The ladies union Aid Society in St Louis was founded by a lady named Anna Clapp, and after the war, she was the lady who presided at the first woman suffrage meeting in May 1867 in the city of St Louis. Following that meeting, by 1869 we had the first national organization meeting in St Louis, and as a part of that meeting, the women considered resolutions demanding suffrage that had been drafted by Francis Minor, who was a male partner in this movement. The other involvement of women that helped learning to organize was involvement in temperance groups. They learned leadership, involvement in the public sphere, and really were able to learn how to organize and become advocates for an issue. In 1904 we had the World's Fair in St Louis.
You might remember, meet me in St Louis, the movie about the family that lived during the World's Fair, and ladies at that point were drafted to participate in leadership by selecting nominees for awards and that sort of thing, which gave them another impetus to organize for a cause. There were problems however, in this area, the beer and liquor industries were huge and very influential, and they fought prohibition a lot, and they fought women's suffrage. They came out in their conventions that sometimes were held at St Louis, with resolutions against women's suffrage, and as a result, like today, they supported politicians who did their biddings and also came out against women's suffrage.
Our first organizations, as I said, were in St Louis, and in 1867 was the, really the first organization we know about. And that was about a year after a senator, Gratz Brown, had started discussing universal suffrage in DC. And that was in 1866 and that really inspired Virginia Minor to create the St Louis organization in 1867 and between 67 and 1901 suffragists petitioned for a state constitutional amendment enfranchising women about 18 times. Only eight of those positions came to a vote in the Missouri legislature, including the first one in 1867. Each time the Missouri legislators voted against that.
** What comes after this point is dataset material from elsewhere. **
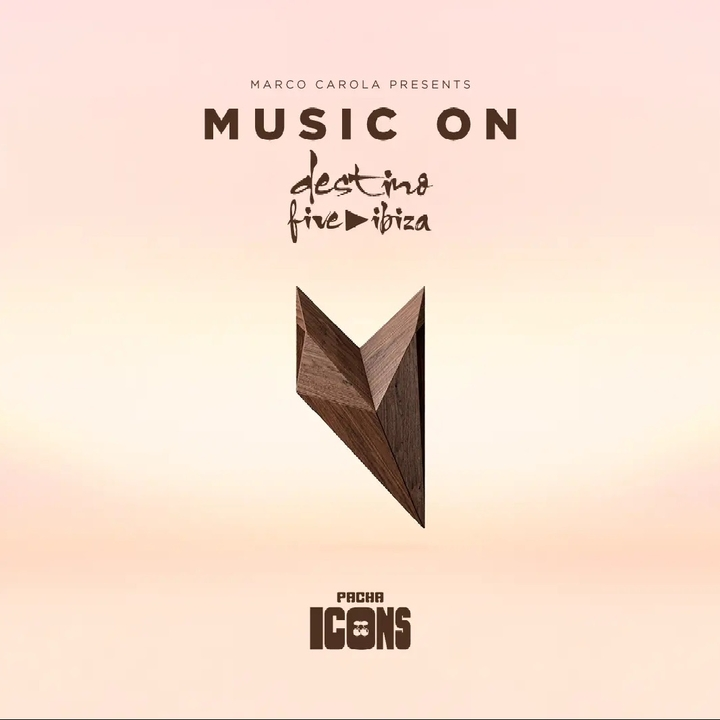 Pacha ICONS: Marco Carola presents Music On Daytime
And during this whole period, we had activities by Anna Clapp, who I mentioned, as well as Adeline Cousins and her daughter, Phoebe. Adeline was active with Anna in that first organization, and throughout her life with the suffrage movement, Phoebe was an interesting woman. She was the first woman law graduate from Washington University in St Louis, and like her dad, she also became a US Marshal, and she was the first woman to ever hold that post. Phoebe pretty much gave up her law career to advocate for suffrage, and was a prolific speaker on that subject. Until Stanley in the early around 1900 she threw her weight in with the brewing industry and became an advocate for them.
And the thought was that she was so impoverished by that time that she needed the money. Another leader in St Louis was Florence Wyman Richardson. She was the founder of the St Louis Equal Suffrage League. And Florence, like other middle to upper class women, had the time and the energy to devote to the cause. One of her daughters was Florence Richardson Usher, and she was a prolific writer. She was known for keeping a scrapbook of the suffrage movement that survived and just wrote numerous articles about suffrage. Her sister, Hadley, wasn't a writer. She became the first wife of a writer known as Ernest Hemingway.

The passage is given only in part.